* Work required
Word for word, repeat the data; no picture should appear in the result.

* Provided material
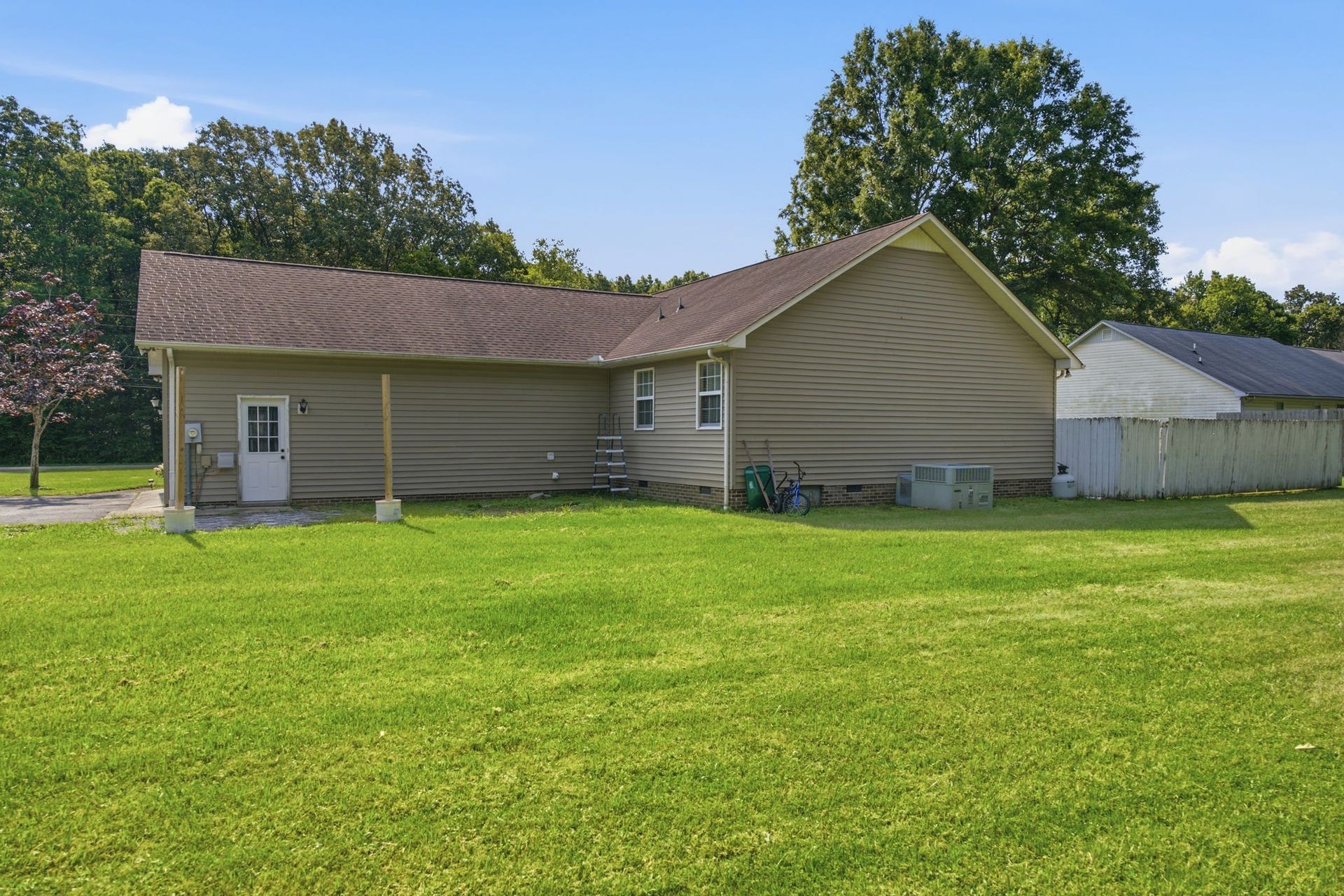 671 Circle Dr, Manchester, TN 37355 671 Circle Dr, Manchester, TN 37355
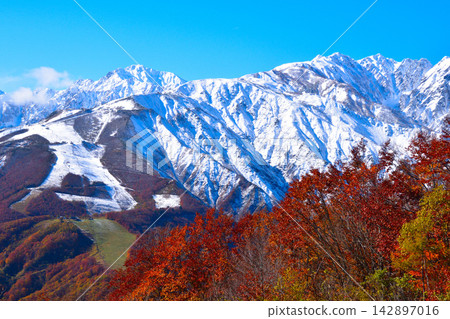 秋白馬八峰 秋白馬八峰 142897016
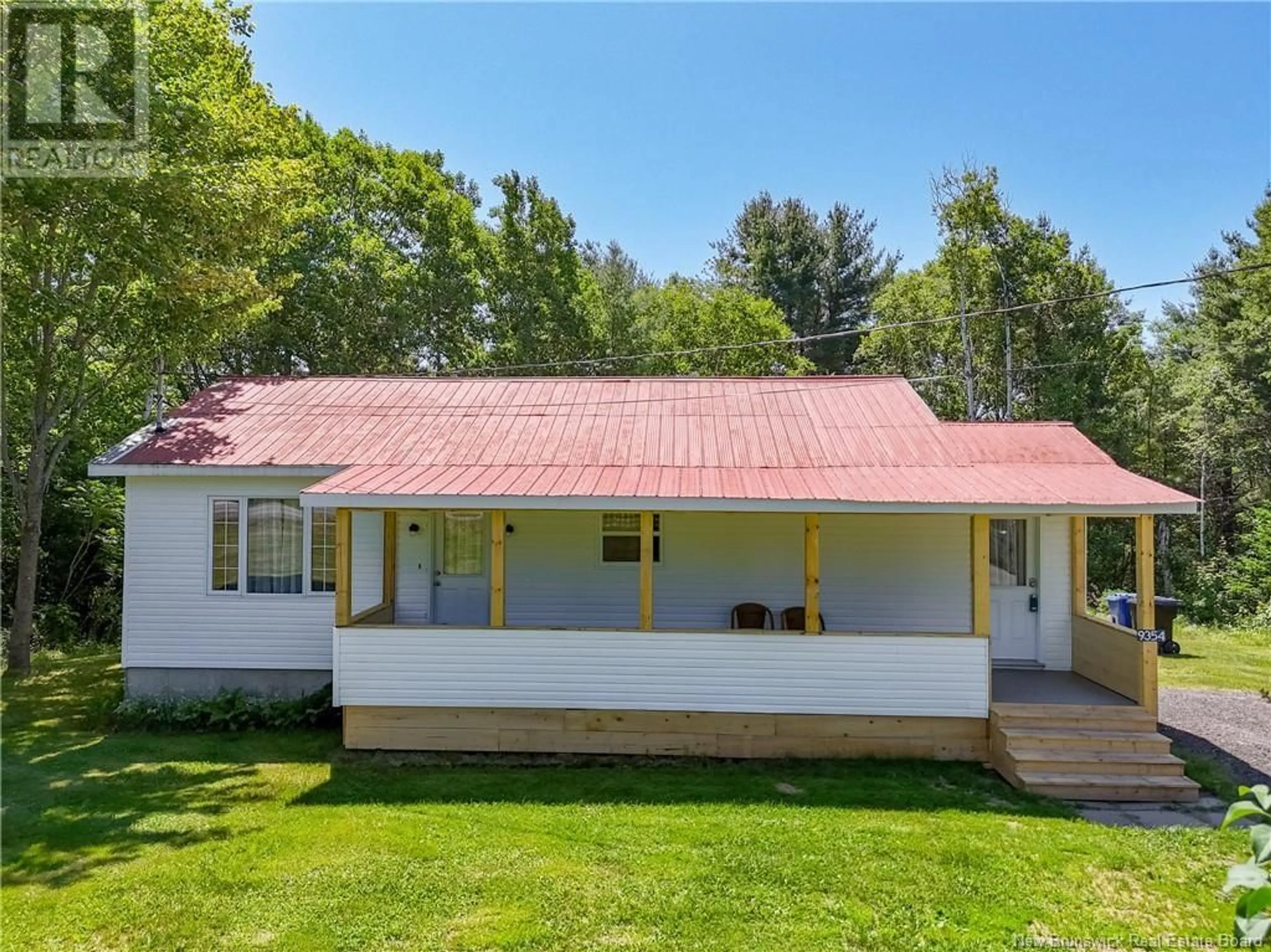 A pic from outside/outdoor area/front of a property/back of a property/a pic from drone, unknown for 9354 ROUTE 8 ROUTE, Blissfield New Brunswick E9C1J2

* Exercise response
 671 Circle Dr, Manchester, TN 37355 671 Circle Dr, Manchester, TN 37355
 秋白馬八峰 秋白馬八峰 142897016
 A pic from outside/outdoor area/front of a property/back of a property/a pic from drone, unknown for 9354 ROUTE 8 ROUTE, Blissfield New Brunswick E9C1J2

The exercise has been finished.